INFORMATION SHOWN Start Marker

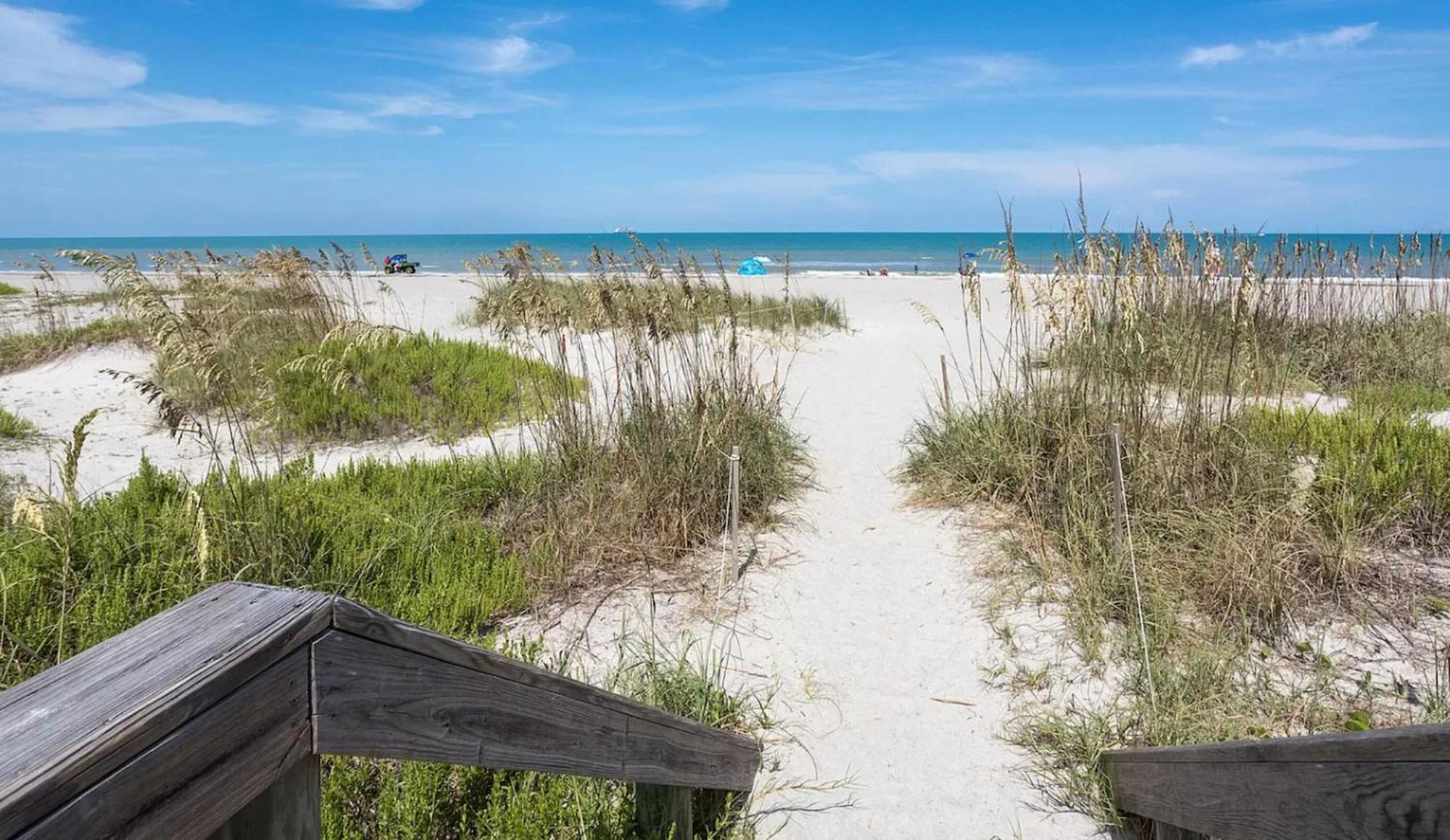 Cozy Coastal Retreat With Porch, Steps To Holiday home Cocoa Beach
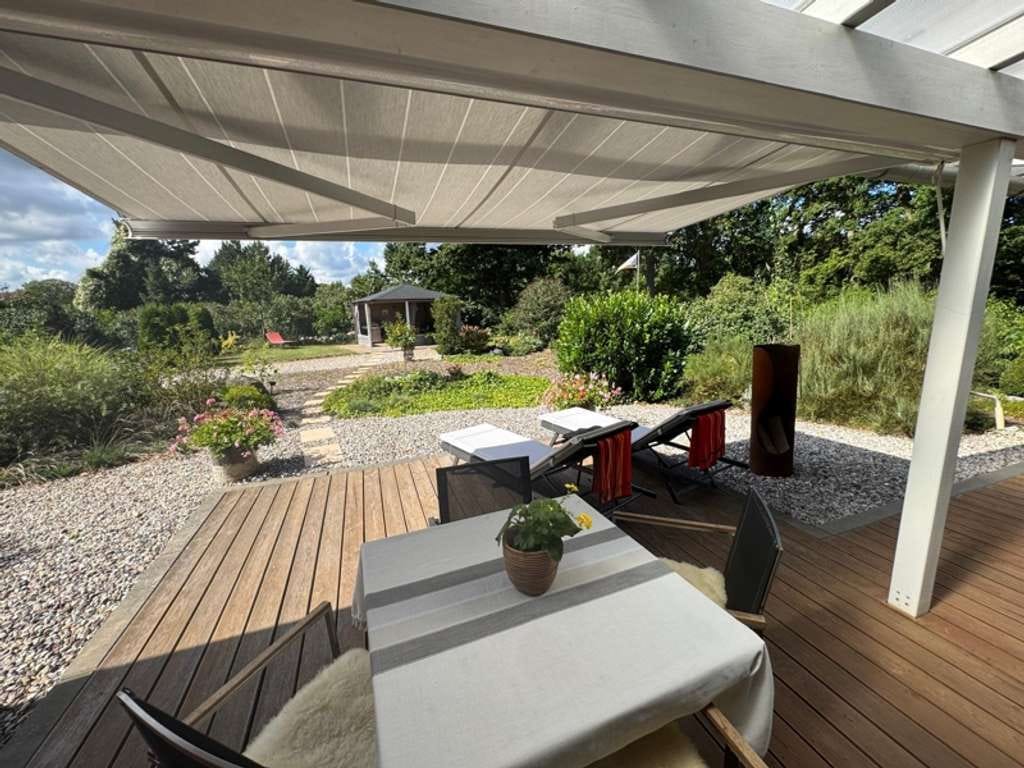 Immobilie in Vogelsang-Warsin - Nahezu Alleinlagegefühl,  Premiumwohnbungalow, nur 5 Min zum Strand ! - Bild 1
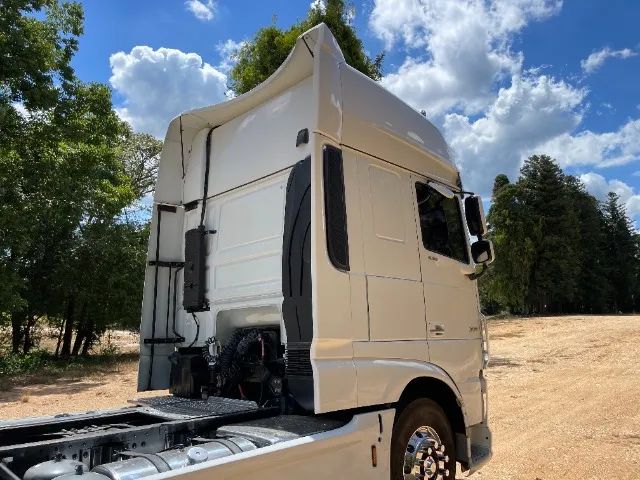 DAF XF 530 6X4 ANO 2024 TETO ALTO COM 303 MIL KM - SUSPENSÃO A AR NA DIANTEIRA - PRONTO PA - Foto 4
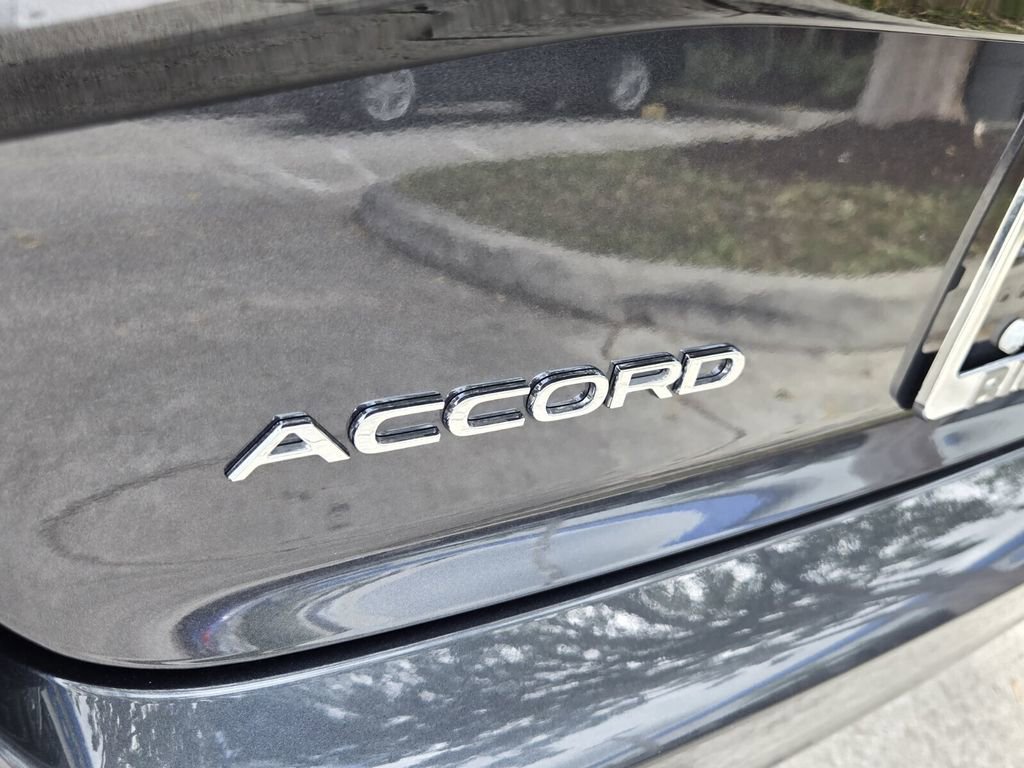Used 2025 Honda Accord SE image 15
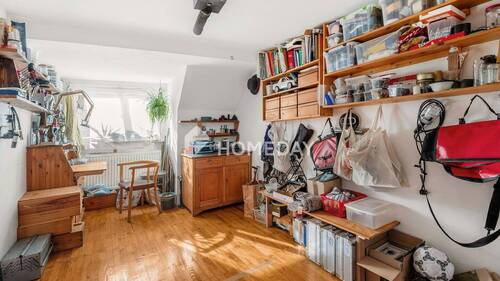 Büro 2 - 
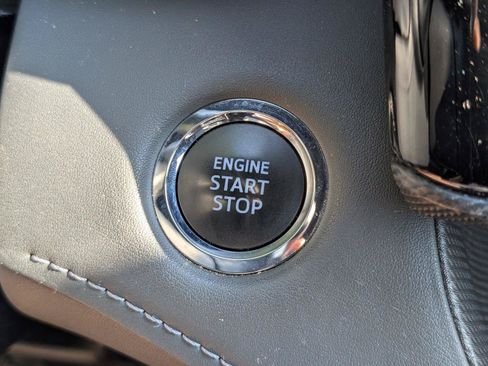 Used 2022 Toyota Highlander XSE FWD image 28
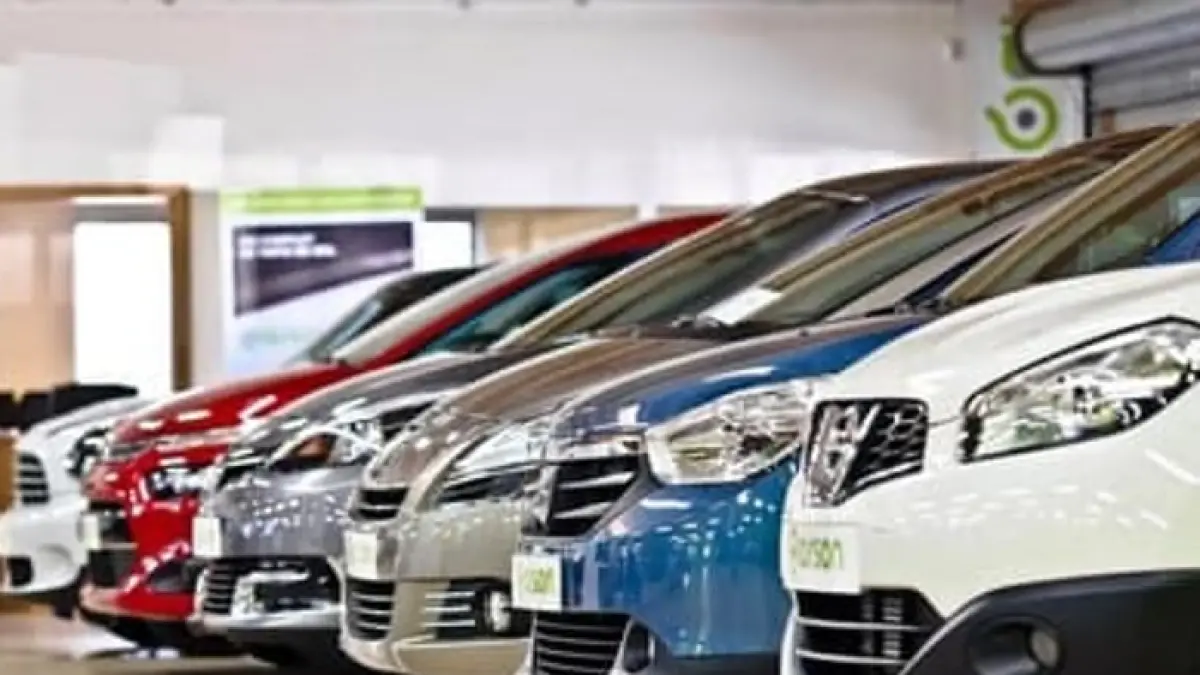 5 mobil bekas Rp50 jutaan paling bandel 2026, spare part melimpah, biaya perawatan murah, cocok untuk harian dan keluarga.(Gemini AI)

INFORMATION SHOWN End Marker

> [THE PROBLEM]
Excluding any pictures, print exactly the lines of the listing above from the line with "Immobilie in Vogelsang-Warsin" to the line with "Used 2022 Toyota Highlander XSE FWD image 28", both ends included.

> [RESULT]
 Immobilie in Vogelsang-Warsin - Nahezu Alleinlagegefühl,  Premiumwohnbungalow, nur 5 Min zum Strand ! - Bild 1
 DAF XF 530 6X4 ANO 2024 TETO ALTO COM 303 MIL KM - SUSPENSÃO A AR NA DIANTEIRA - PRONTO PA - Foto 4
Used 2025 Honda Accord SE image 15
 Büro 2 - 
 Used 2022 Toyota Highlander XSE FWD image 28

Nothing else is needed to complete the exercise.